Output: The Kth smallest element in S.
Step-1: If |S| <= 5, apply any Brute Force method.
Step-2: Divide S into n/5 sublists each containing at most 5 elements.
Step-3: Sort each sublists(Insertion sort will be better one to apply).
Step-4: Recursively find P as median of medians of each sublists.
Step-5: Partition S into S1 and S2 such that S1 contains all elements less than or equal to P and S2 contains all elements greater than P.
Step-6: Now there can be three cases as
a) if |S1| == K, then S1[k] will be the Kth smallest element.
b) if |S1| > K, then Kth element must be present in S1. So discard the second part s2 and recurse on s1 with same algorithm.
c) Otherwise Kth element must be in S2. So discard S1 and recurse on S2 for (K-|S1|)th element in S2.
For detailed code and implementation, visit K’th Smallest/Largest Element in Unsorted Array | Set 3 (Worst-Case Linear Time)
Complexity Analysis: Since each sub-list contains 5 elements so sorting them will take a constant amount of time. Thus, steps 2, 3, and 5 can be done in O(n) time, and step 4 needs T(n/5) time as we are using the same algorithm recursively to find the median of n/5 medians. Since we are pruning at least n/4 elements in each iteration, so 3n/4 elements are remaining after each iteration in the worst case.
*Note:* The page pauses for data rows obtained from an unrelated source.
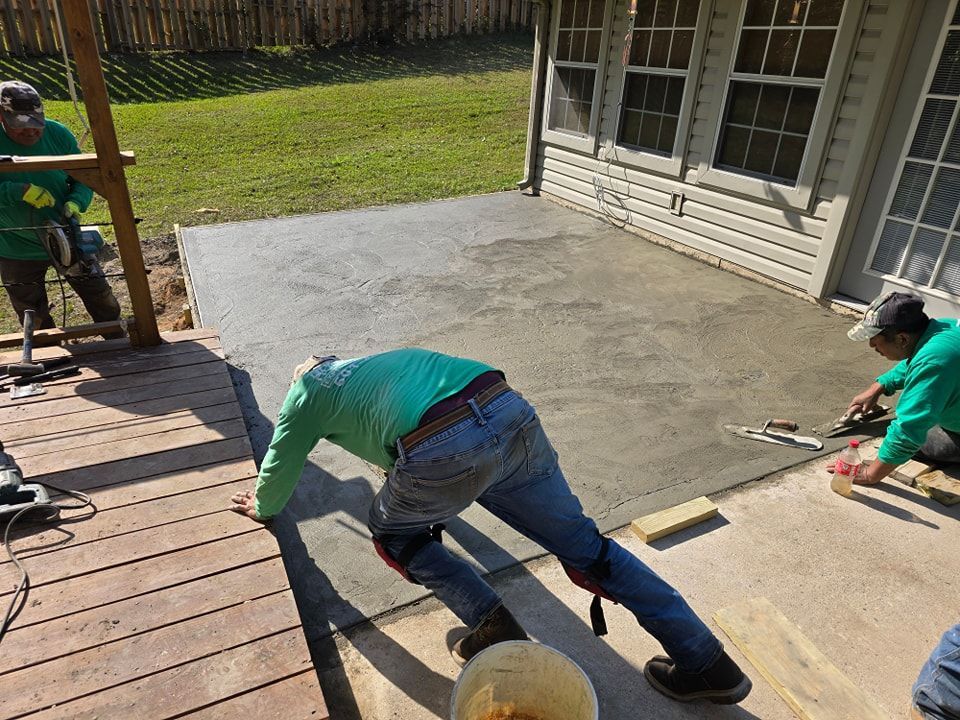 Person installing rebar grid on a dirt patio, next to a house. Green shirt, outside.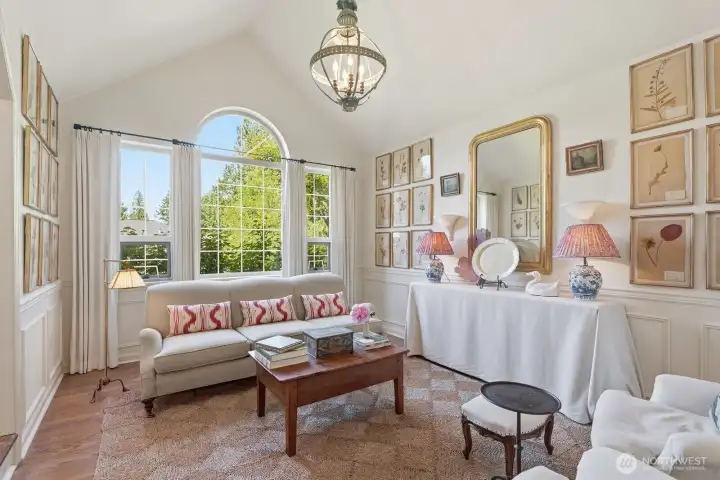 Enchanting living room with vaulted ceiling and wainscoting.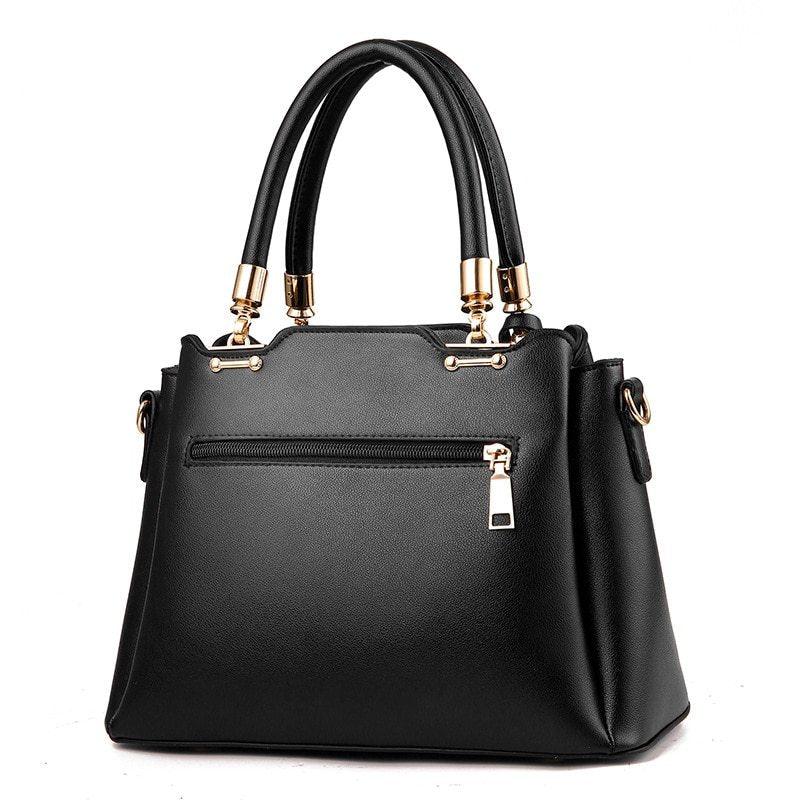 Elegant black leather handbag with gold hardware and dual top handles on white background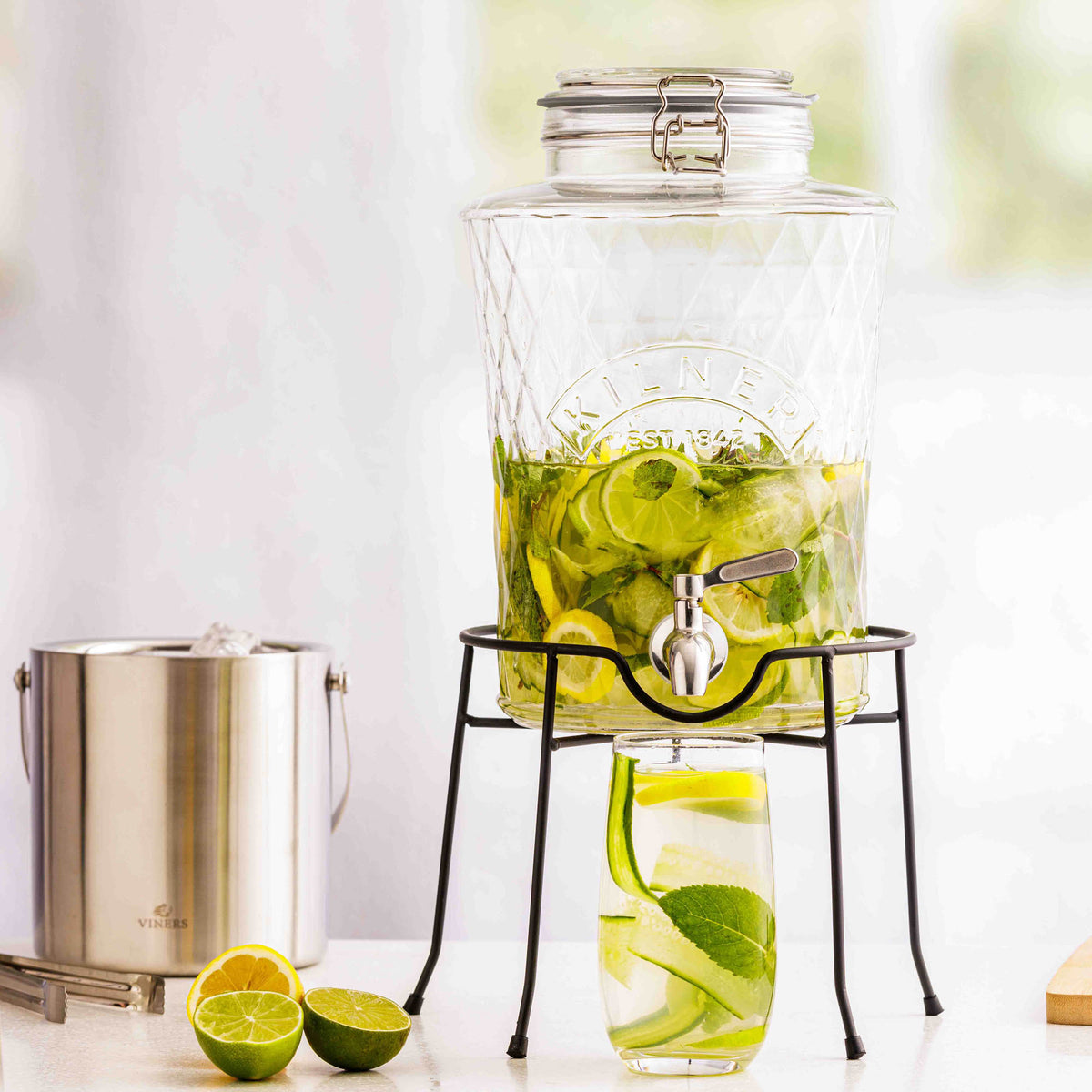 KILNER Diamond drink dispenser with clear glass body and metal spigot for serving beverages at gatherings.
Hence, T(n) = T(3n/4) + T(n/5) + O(n).
Let T(n) = a0 + a1*n + a2*(n^2) + …. where a1 != 0.
T(3n/4) = a0 + (3/4)a1*n + (9/16)a2*(n^2) + ….
T(n/5) = a0 + (1/5)a1*n + (1/25)a2*(n^2) + ….
T((3n/4) + (n/5)) = T(19n/20) = a0 + (19/20)a1*n + (361/400)a2*(n^2) + ….
Thus, T(3n/4) + T(n/5) <= a0 + T(19n/20).
T(n) = T(3n/4) + T(n/5) + O(n)
<= T(19n/20) + cn.
Applying the initially obtained formula for general case to this inequality,
we will get T(n) = O(n).
Thus, we have a worst-case linear time algorithm for solving the selection problem based on the Prune-and-Search technique. Similarly, we can apply these types of strategies to solve Linear Programming with two variables and the Smallest Enclosing Circle Problems.